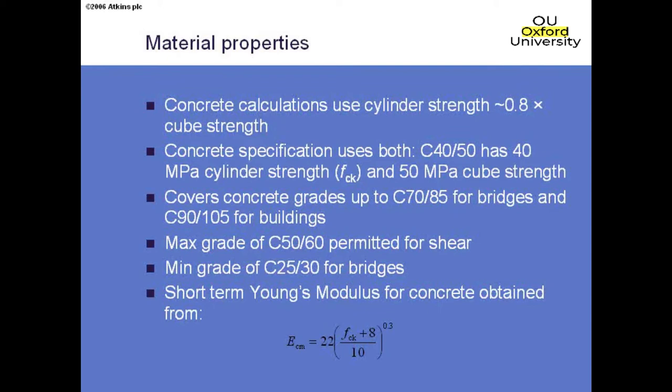The Eurocodes can be used for much higher strength concrete than previously in BS 5400. For buildings, the formulae can be used up to C90/105, and for bridges up to C70/85. The difference reflects caution in the bridges community because there isn't as much testing on large-scale bridge members. The UK National Annex puts a cap specifically on shear resistance of sections without shear links — we mustn't use a concrete grade greater than C50/60 in those calculations, due to concerns with high-strength aggregates.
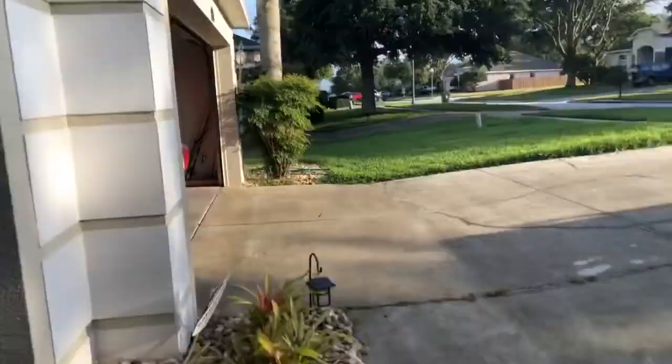All right, so right now I am cooking some pork steaks on the Expert Grill. I just want to show y'all some weird stuff that's going on with this grill. I'm on low battery right now, so this is gonna be real quick.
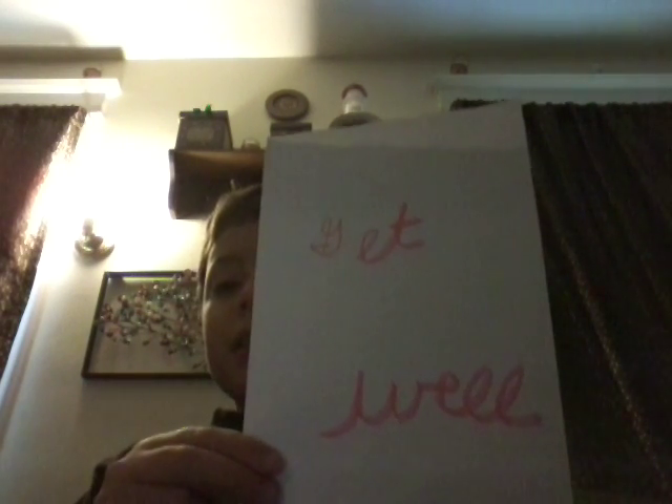So if you guys don't know how to read cursive, that's what it looks like.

◇ ◇ ◇ ◇

**Try it**
Except for the pictures, give the data again word for word.

**Expected answer**
The Eurocodes can be used for much higher strength concrete than previously in BS 5400. For buildings, the formulae can be used up to C90/105, and for bridges up to C70/85. The difference reflects caution in the bridges community because there isn't as much testing on large-scale bridge members. The UK National Annex puts a cap specifically on shear resistance of sections without shear links — we mustn't use a concrete grade greater than C50/60 in those calculations, due to concerns with high-strength aggregates.
All right, so right now I am cooking some pork steaks on the Expert Grill. I just want to show y'all some weird stuff that's going on with this grill. I'm on low battery right now, so this is gonna be real quick.
So if you guys don't know how to read cursive, that's what it looks like.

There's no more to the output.